## Listed entries

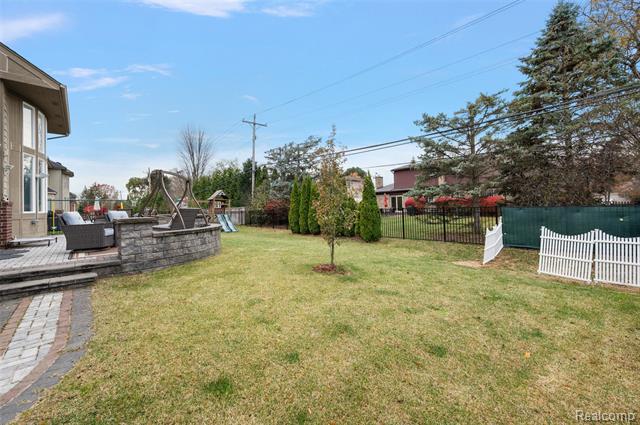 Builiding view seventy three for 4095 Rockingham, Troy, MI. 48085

...

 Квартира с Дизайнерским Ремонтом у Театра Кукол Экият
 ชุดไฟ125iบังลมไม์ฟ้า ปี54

## Problem details
Please, from the entries above, set down exactly the lines from the one containing "Квартира с Дизайнерским" through the one containing "ชุดไฟ125iบังลมไม์ฟ้า ปี54", and only those.

## Answer space
 Квартира с Дизайнерским Ремонтом у Театра Кукол Экият
 ชุดไฟ125iบังลมไม์ฟ้า ปี54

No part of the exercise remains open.